ML-Midterm Flashcards
(37 cards)
What is Machine Learning?
machine learning is about modeling based on a specific hypothesis function, ideally in the form of a density function that describes the data.
What is supervised learning and unsupervised learning ?
One has label the other one does not
What is a model ?
model is an approximation of a system
and
predict the behaviour of it.
gradient descent
gradient descent can find parameters to minimize the loss of the training data
Explain the k-fold cross validation procedure and explain what it is used for ?
Procedure: divide data in k even sets choose 1 set as validation set and k-1 as the training set, then alter the validation set and repeat the operation k times.
It is use for validate the accuracy of trained model.
What is Training set, testing set and validation set ?
Training Set: this data set is used to adjust the weights on the neural network.
Validation Set: this data set is used to minimize overfitting. Then you can use this information to turn your hyper parameter.
Testing Set: this data set is used only for testing the final solution in order to confirm the actual predictive power of the network.
What is hyper parameter?
parameter of the training algorithm, such as learning rates, momentum, or maximum number of iterations
What is information leakage or information contamination ?
you use the test data to train the model and use them to test your model.
What is support vector machine ?
Maximum margin classifier
What is hyperplane in SVM ?
hyperplane is the dividing or separating plane between the two classes
Why SVM called support vectors ?
????
What is Soft margin classifier ?
Allow some overlap of the data points.
Why use kernel ? kernel trick?
Transform the data to higher dimension so it is linearly separable.
To avoid calculate the dot product in the feature space.
What is the purpose of regularization? give example and why it helps overfitting.
Prevent overfitting
Ridge regression we add L2 regularization
to control the complexity of model. It penalizes the features with less influence on the model.
What is Batch gradient decent ?
batch gradient decent use all the data to train.
What is Stochastic gradient decent ?
Stochastic gradient decent use only single data at a time.
How does momentum helps in linear regression.
Momentum helps to overcome the local minimum.
What is Ridge regression ?
We add L2 regularization as a penalty term when updating the weights.
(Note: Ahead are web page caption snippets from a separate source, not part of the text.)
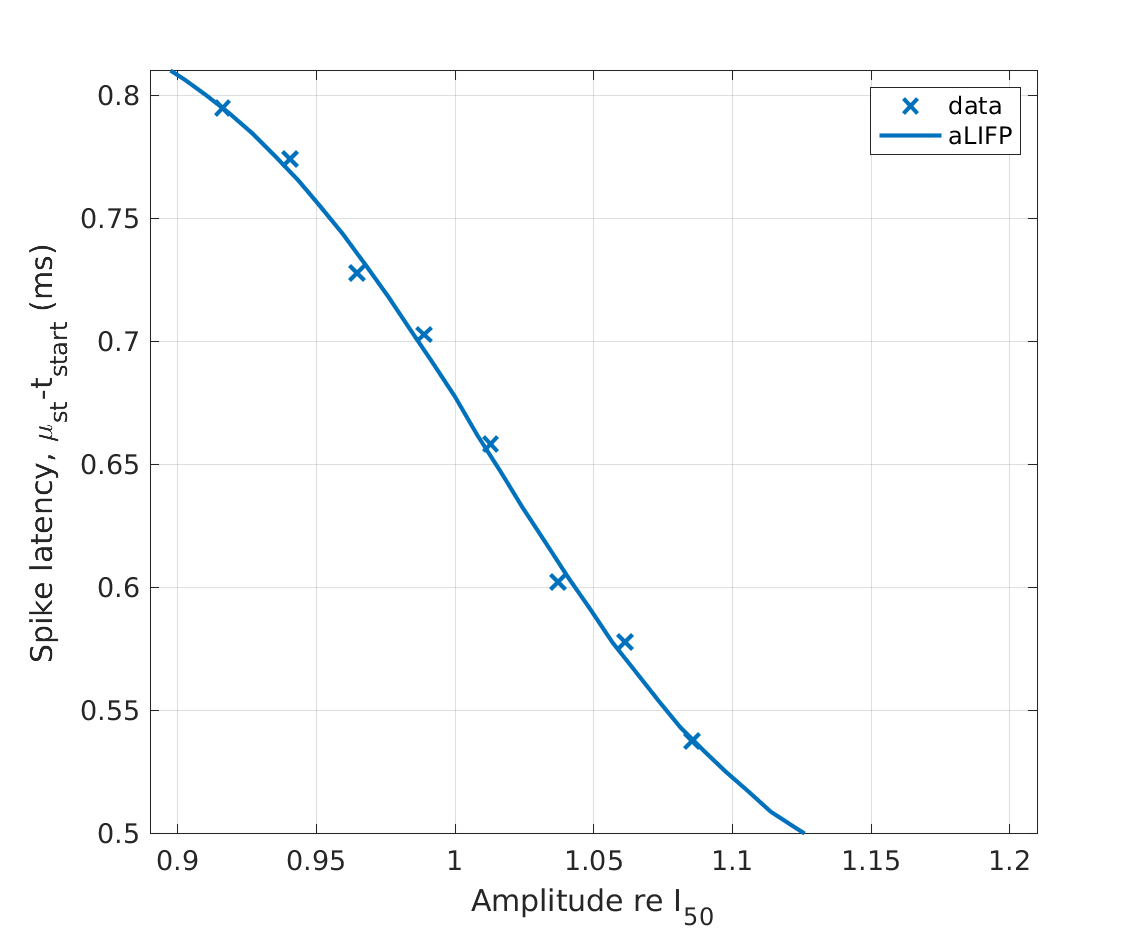 exp_felsheim2024_3_1.png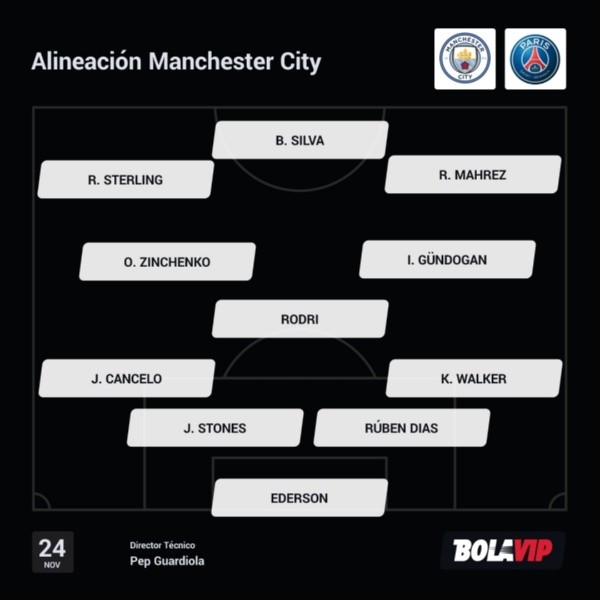 Manchester City sorprende con una alineación con varios habituales suplentes.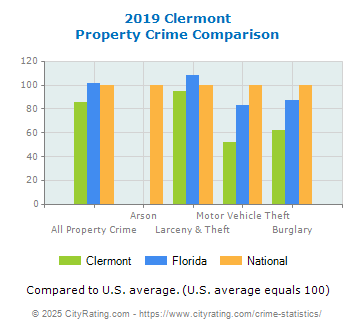 Clermont Property Crime vs. State and National Comparison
Weight decay.
What is a random variable ?
Different every time.
Follows a specific probability density function
Different distribution, uniform, bimodel, multimodel distribution?
one peak , two peak and multiple peak.
What is Bayes theorem ?
p(x|y) = p(y|x)p(x)/p(y)
prior knowledge p(x)
evidence called the likelihood p(y|x) (observed)
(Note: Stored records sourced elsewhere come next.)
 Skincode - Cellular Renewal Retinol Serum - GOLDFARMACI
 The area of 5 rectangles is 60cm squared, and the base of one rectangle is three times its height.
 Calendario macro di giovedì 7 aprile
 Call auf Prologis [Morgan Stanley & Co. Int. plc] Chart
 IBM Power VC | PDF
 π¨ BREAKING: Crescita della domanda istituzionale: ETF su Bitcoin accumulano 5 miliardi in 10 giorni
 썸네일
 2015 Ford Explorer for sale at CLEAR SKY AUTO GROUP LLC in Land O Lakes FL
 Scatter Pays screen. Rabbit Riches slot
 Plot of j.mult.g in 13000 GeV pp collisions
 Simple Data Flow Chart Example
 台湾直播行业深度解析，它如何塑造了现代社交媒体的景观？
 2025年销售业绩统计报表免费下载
posterior distribution p(x|y)
Explain what is maximum likelihood principle ?
Given a parameterize hypothesis function p(y|x; w), we will chose as parameters the values which make the data y most likely under this assumption
Likelihood function ? Maximum (log) likelihood
maximizing the log-likelihood function is equivalent to minimizing a quadratic error term
Why LMS regression is equivalent to MLE for Gaussian data ?
Because the linear dependence of the mean and constant variance.